CHOOSING THE NUMBER OF REPETITIONS IN THE MULTIPLE PLUG-IN OPTIMIZATION METHOD FOR THE RIDGE PARAMETERS IN MULTIVARIATE GENERALIZED RIDGE REGRESSION
Author(s) -
Isamu Nagai,
Keisuke Fukui,
Hirokazu Yanagihara
Publication year - 2013
Publication title -
bulletin of informatics and cybernetics
Language(s) - English
Resource type - Journals
eISSN - 2435-743X
pISSN - 0286-522X
DOI - 10.5109/1563529
Subject(s) - ridge , multivariate statistics , regression , statistics , mathematics , multivariate analysis , computer science , geology , paleontology
Multivariate generalized ridge (MGR) regression was proposed by Yanagihara, Nagai, and Satoh (2009) in order to avoid the multicollinearity problem in multivariate linear regression models.
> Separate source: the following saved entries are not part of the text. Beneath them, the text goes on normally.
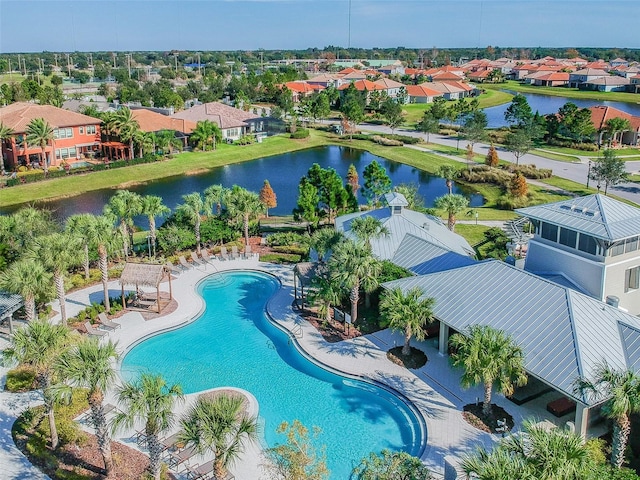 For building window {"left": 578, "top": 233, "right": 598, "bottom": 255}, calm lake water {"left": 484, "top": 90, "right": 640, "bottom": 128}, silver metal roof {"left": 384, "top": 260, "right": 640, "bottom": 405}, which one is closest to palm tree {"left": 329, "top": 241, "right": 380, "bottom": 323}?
silver metal roof {"left": 384, "top": 260, "right": 640, "bottom": 405}

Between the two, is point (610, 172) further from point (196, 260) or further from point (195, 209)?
point (196, 260)

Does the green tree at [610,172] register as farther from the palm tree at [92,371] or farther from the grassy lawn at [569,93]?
the grassy lawn at [569,93]

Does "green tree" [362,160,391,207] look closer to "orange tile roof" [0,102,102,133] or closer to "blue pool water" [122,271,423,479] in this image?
"blue pool water" [122,271,423,479]

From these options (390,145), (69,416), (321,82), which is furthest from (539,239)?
(321,82)

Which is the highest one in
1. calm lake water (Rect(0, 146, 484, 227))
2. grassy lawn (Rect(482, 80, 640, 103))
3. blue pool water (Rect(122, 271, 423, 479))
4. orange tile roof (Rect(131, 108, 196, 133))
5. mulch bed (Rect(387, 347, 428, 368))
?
grassy lawn (Rect(482, 80, 640, 103))

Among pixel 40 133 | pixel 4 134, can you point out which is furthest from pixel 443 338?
pixel 4 134

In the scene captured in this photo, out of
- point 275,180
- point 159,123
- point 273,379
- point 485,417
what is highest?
point 159,123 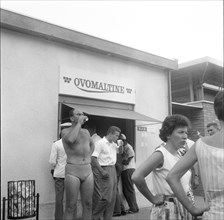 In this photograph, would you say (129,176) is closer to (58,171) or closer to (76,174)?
(58,171)

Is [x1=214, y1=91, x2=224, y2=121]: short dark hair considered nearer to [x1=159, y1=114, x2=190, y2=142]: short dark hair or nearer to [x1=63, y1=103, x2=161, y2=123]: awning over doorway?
[x1=159, y1=114, x2=190, y2=142]: short dark hair

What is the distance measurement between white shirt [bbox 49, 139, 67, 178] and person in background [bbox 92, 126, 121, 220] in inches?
23.2

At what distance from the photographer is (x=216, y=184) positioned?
1.75 m

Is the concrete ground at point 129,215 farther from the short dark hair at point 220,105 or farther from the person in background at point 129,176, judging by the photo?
the short dark hair at point 220,105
The MGR estimator is defined by using multiple nonnegative ridge parameters in an ordinary least-squares (LS) estimator. In order to optimize these ridge parameters, Yanagihara, Nagai, and Satoh (2009) and Nagai, Yanagihara, and Satoh (2012) proposed several optimization methods. We focus on the plugin optimization method, which is an estimation method for the principal optimal ridge parameters that minimizes the predicted mean squared error. The plug-in optimization method is a repeating method that uses the current ridge parameters estimate as input in order to obtain an improved estimate. In the present paper, we propose two criteria for choosing the number of repetitions. We conducted several numerical studies using the proposed information criterion to compare the LS and MGR estimators with the optimized ridge parameters based on some ordinary plug-in optimization methods, and those obtained by using the optimized multiple plug-in optimization method.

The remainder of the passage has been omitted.